YOU can read this book as non-fiction — or thriller. If it reminds you of Frederick Forysth’s novel, The Dogs of War, that’s because his book was probably the blueprint for an attempted invasion of Fernando Po in the seventies. This is the world of mercenaries where reality is hard to disentangle from fantasy.

Thirty years later, the target was the same place, now known as Equatorial Guinea and producing large amounts of oil. Otherwise little had changed in what is called the flea in Africa’s armpit and run as a family business by the vicious Nguemas. The current president has behaved like an inefficient Pol Pot and looted the country’s wealth. Corruption is the main industry.

A motley band of restless adventurers, political fantasists, out-of-work soldiers of fortune, and reckless businessmen looking for quick profit was meant to take Malabo in March 2004. But their complex and ambitious plan failed when the invasion force was arrested during a stopover in Harare to collect weapons.

The fortunate plotters melted away. Those out of luck landed up in Chikurubi and Black Beach prisons. Roberts’s description of conditions there is enough to make your stomach turn. He interviewed Mark Thatcher, who had invested in the coup, was unwise enough to stay

in South Africa and subsequently prosecuted. He emerges as a dimwit with a liking for jocular threats.

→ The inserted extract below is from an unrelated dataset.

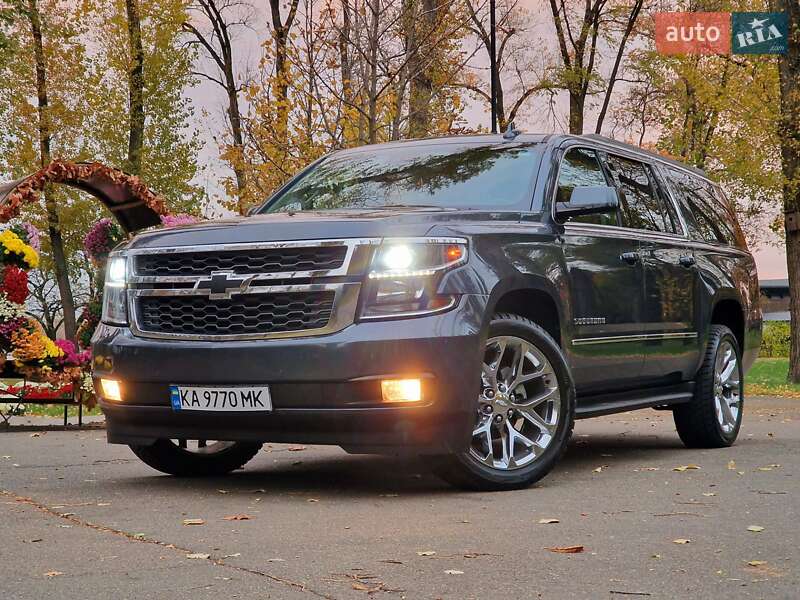Внедорожник / Кроссовер Chevrolet Suburban 2018 в Киеве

The aborted invasion, surrounded by loose talk and a trail of paper, was launched from South Africa. The crucial question is this: how much did our government know? This book shows that it turned a blind eye breaking South African law on mercenary activity to ingratiate itself with the odious regimes of Zimbabwe and Equatorial Guinea. This book provides abundant evidence that it effectively became a plotter.